■ **Required work**
Start at the line that contains "Vintage Compact by Stratton" in the listing below and extract every line through the last, exactly; leave pictures out.
**** Given records ****
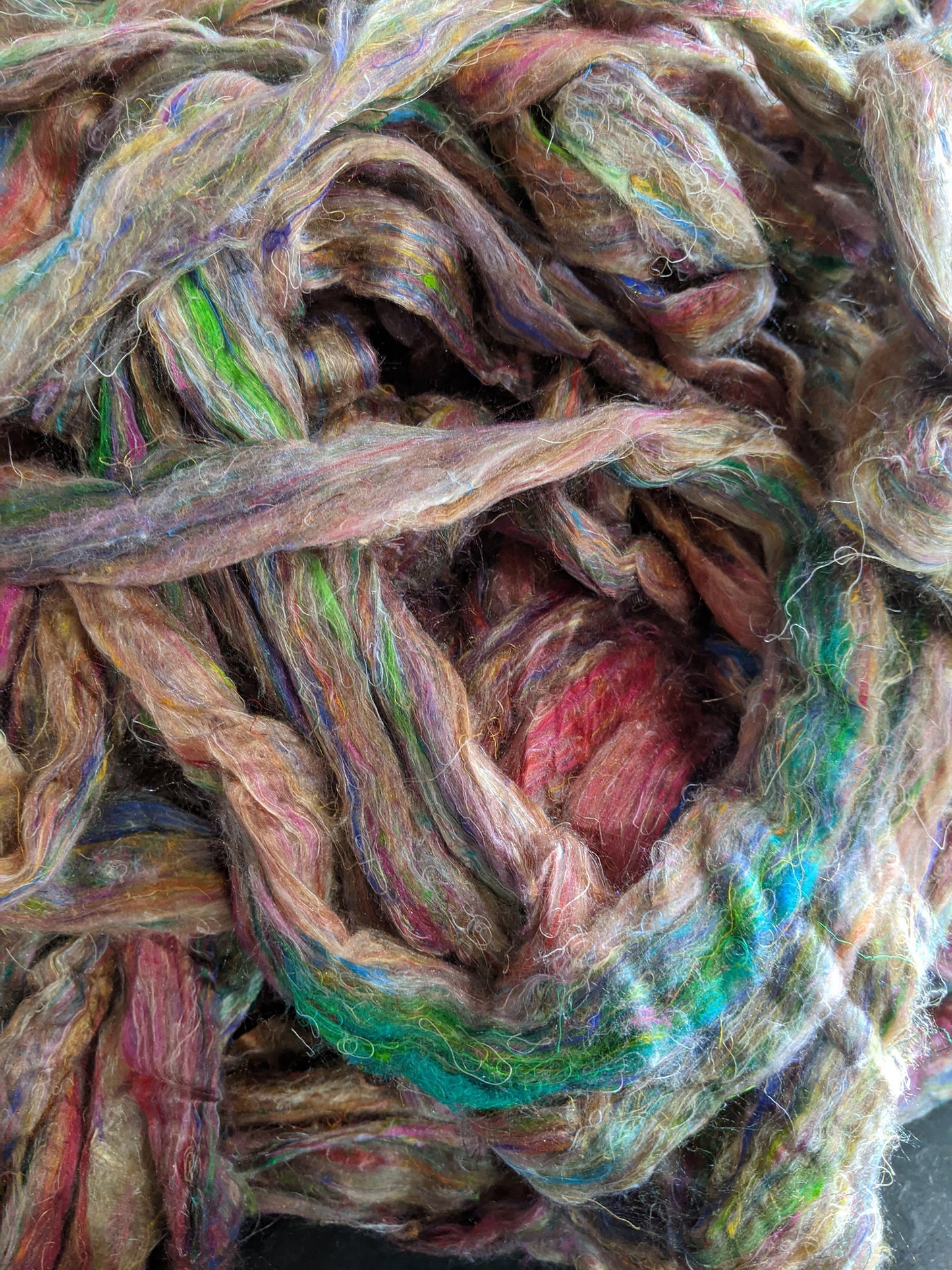 Recycled Sari Silk Roving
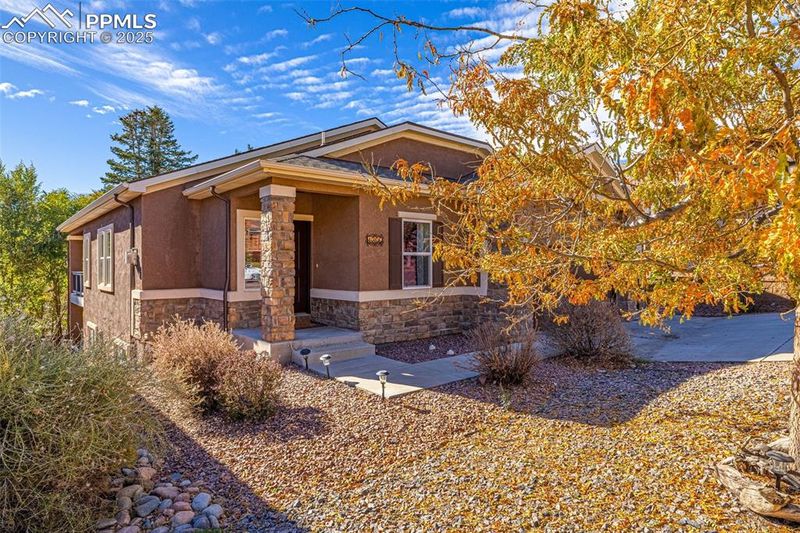 1306 Ethereal Cir, Colorado Springs, CO 80904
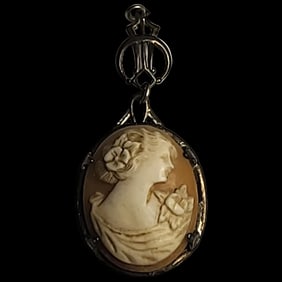 Vintage Sterling Silver Hand-Carved Shell Cameo Pendant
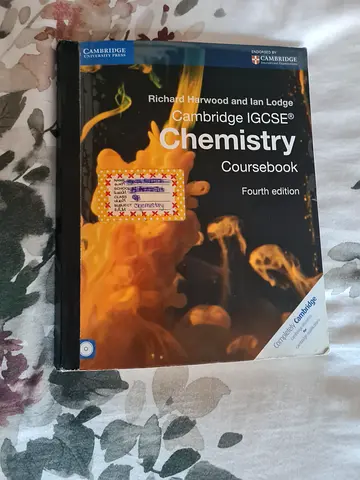 Cambridge IGCSE Chemistry Coursebook (4th Edition) - Richard Harwood  Ian Lodge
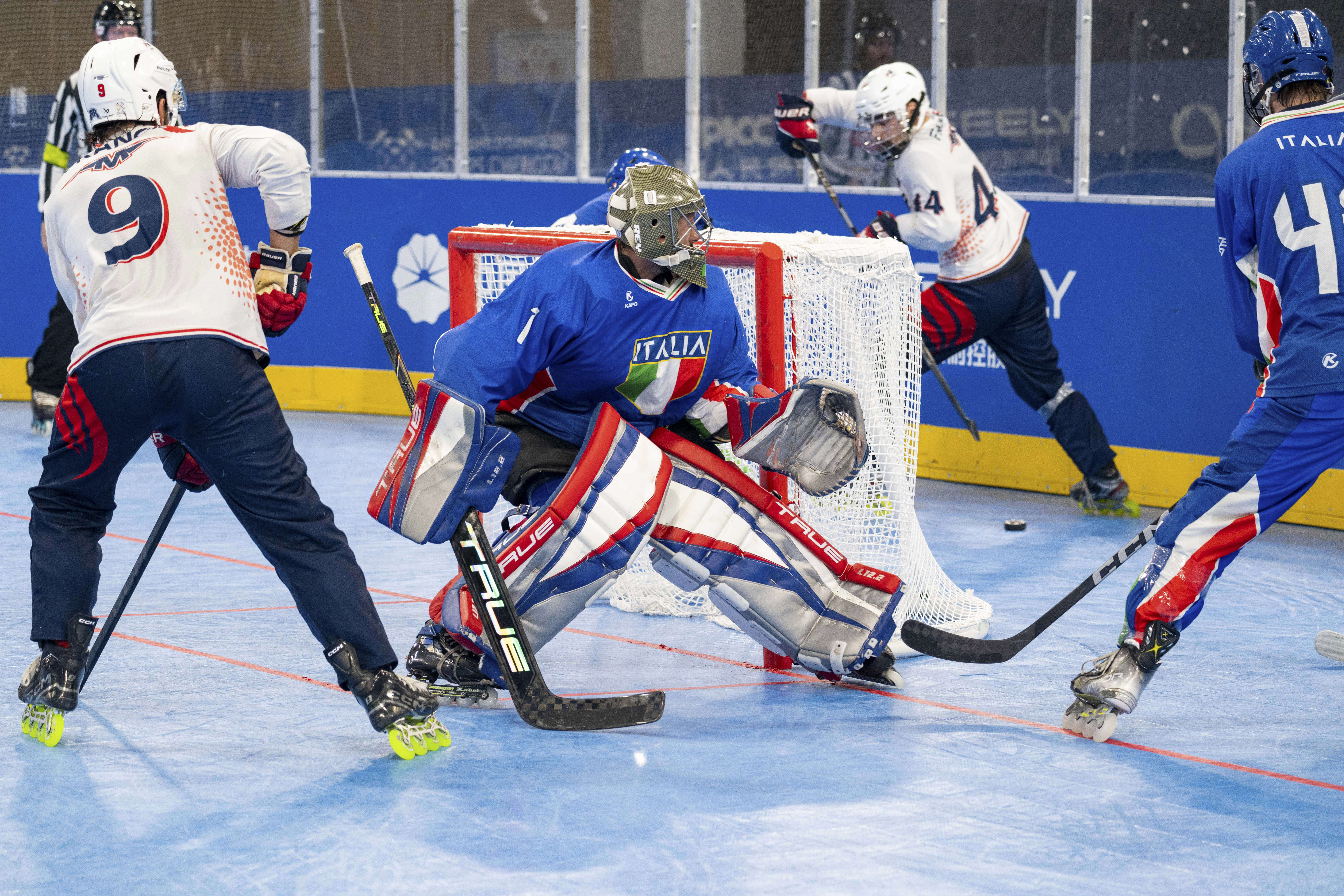 （成都世运会）单排轮滑球——男子预赛：法国队胜意大利队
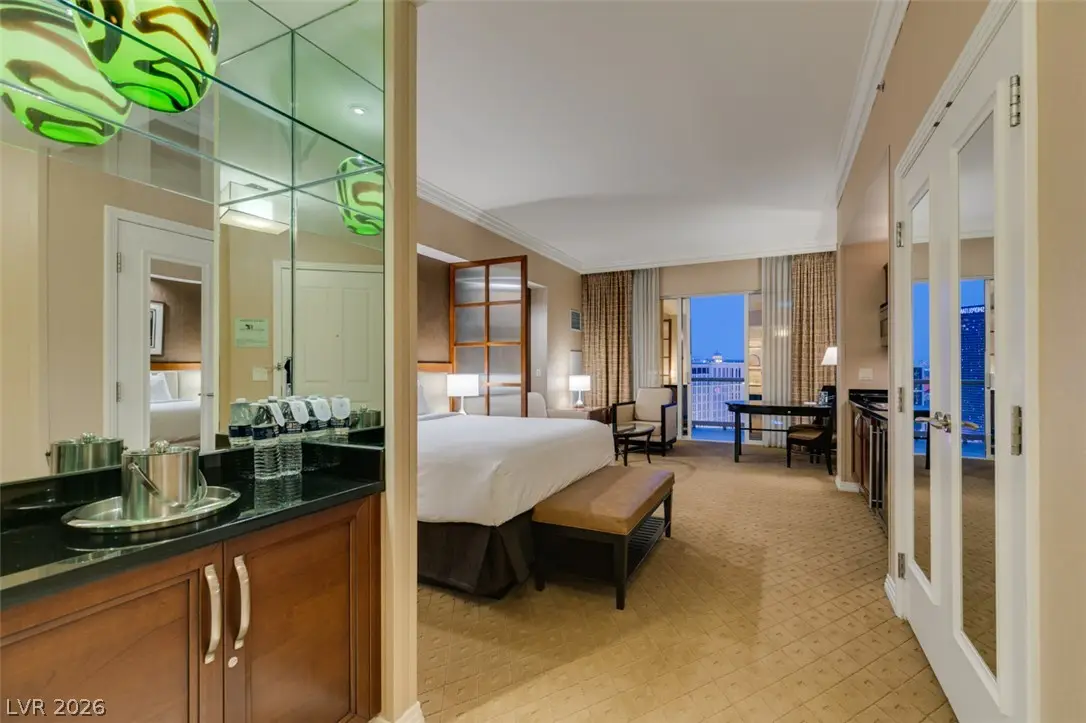 135 E Harmon Avenue #1817, Las Vegas, NV 89109 - #1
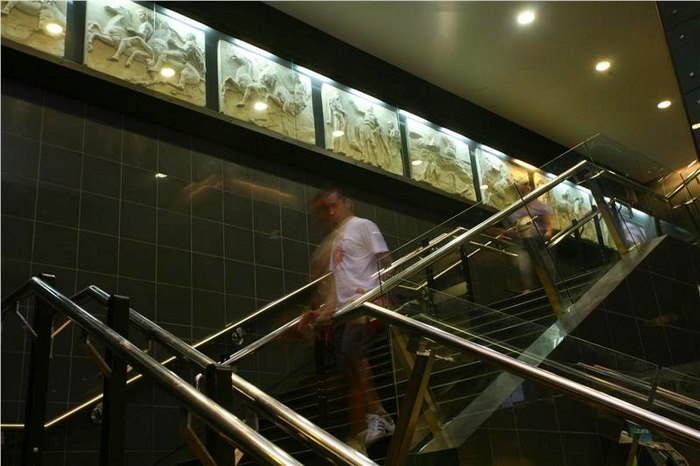 Στη μακρινή Χιλή υπάρχει ένας σταθμός του Μετρό που λέγεται (και θυμίζει) "Ελλάδα"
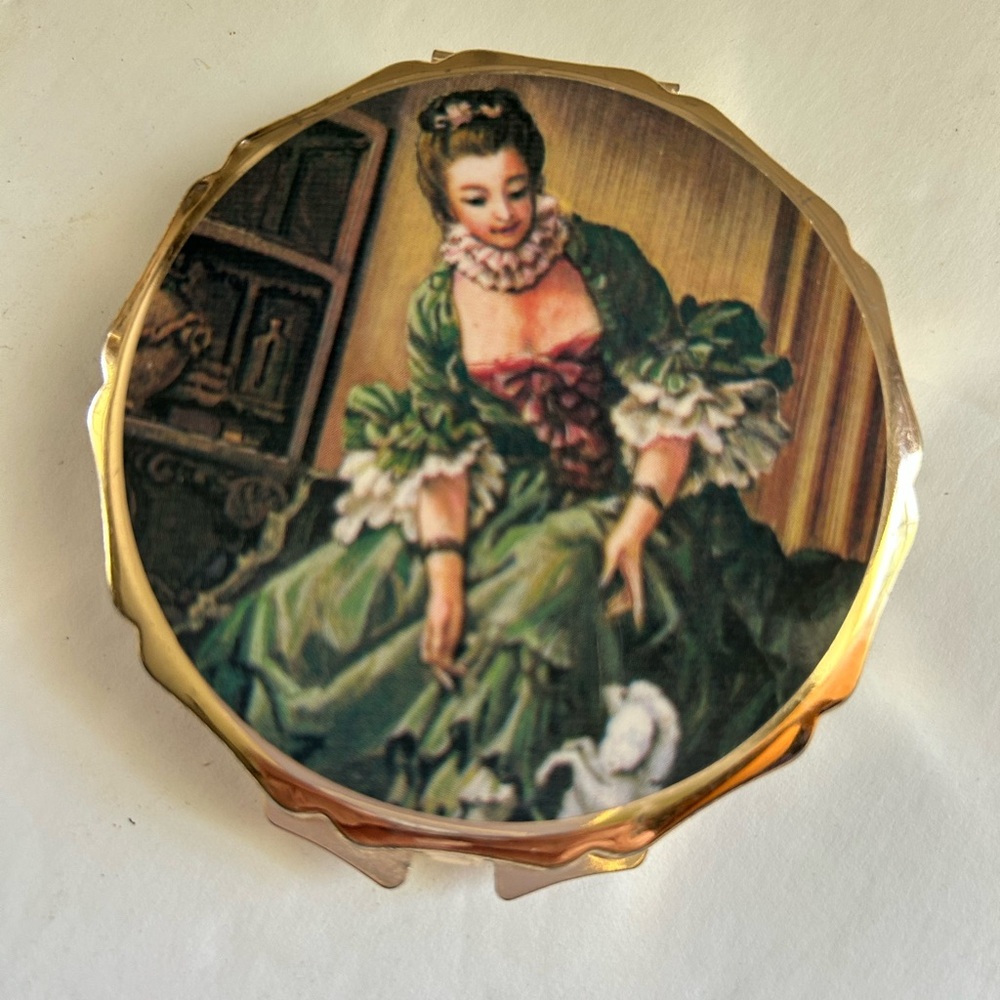 Vintage Compact by Stratton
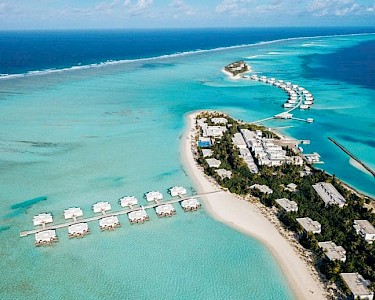 RIU Atoll Malediven bovenaf overwater bungalows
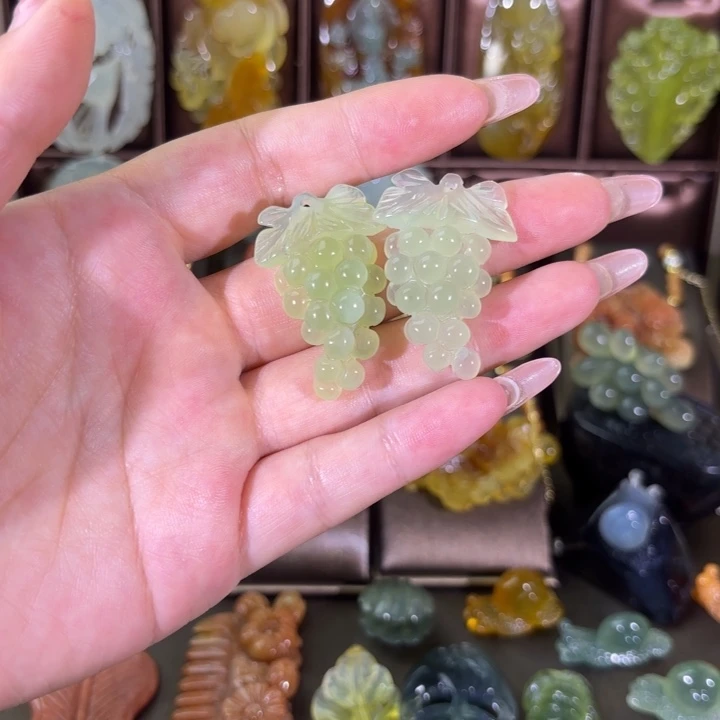 蛇纹石玉合金颈饰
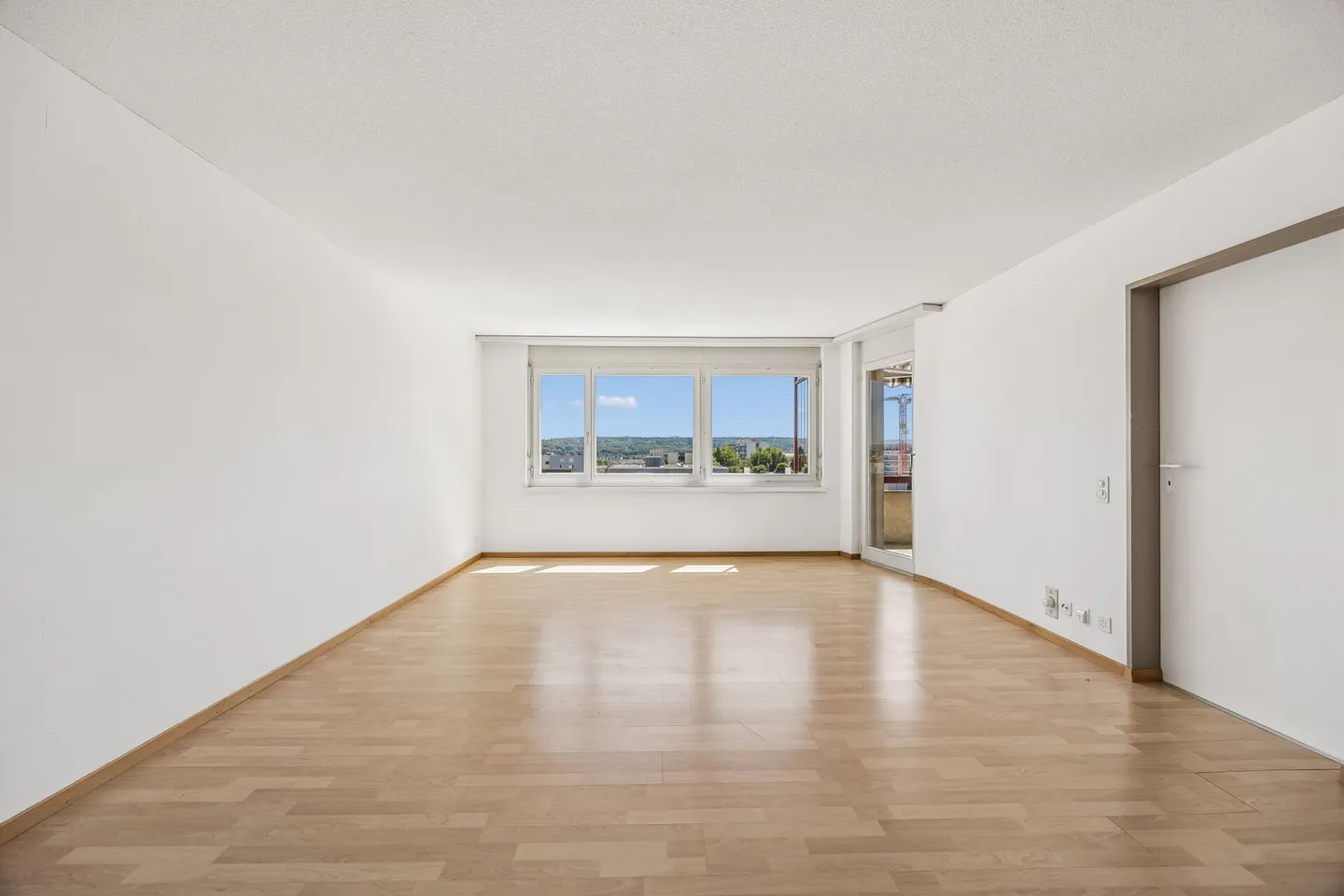 Family-friendly 4.5-room apartment in a quiet location - Photo 2 of 13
****
■ **Solution**
 Vintage Compact by Stratton
 RIU Atoll Malediven bovenaf overwater bungalows
 蛇纹石玉合金颈饰
 Family-friendly 4.5-room apartment in a quiet location - Photo 2 of 13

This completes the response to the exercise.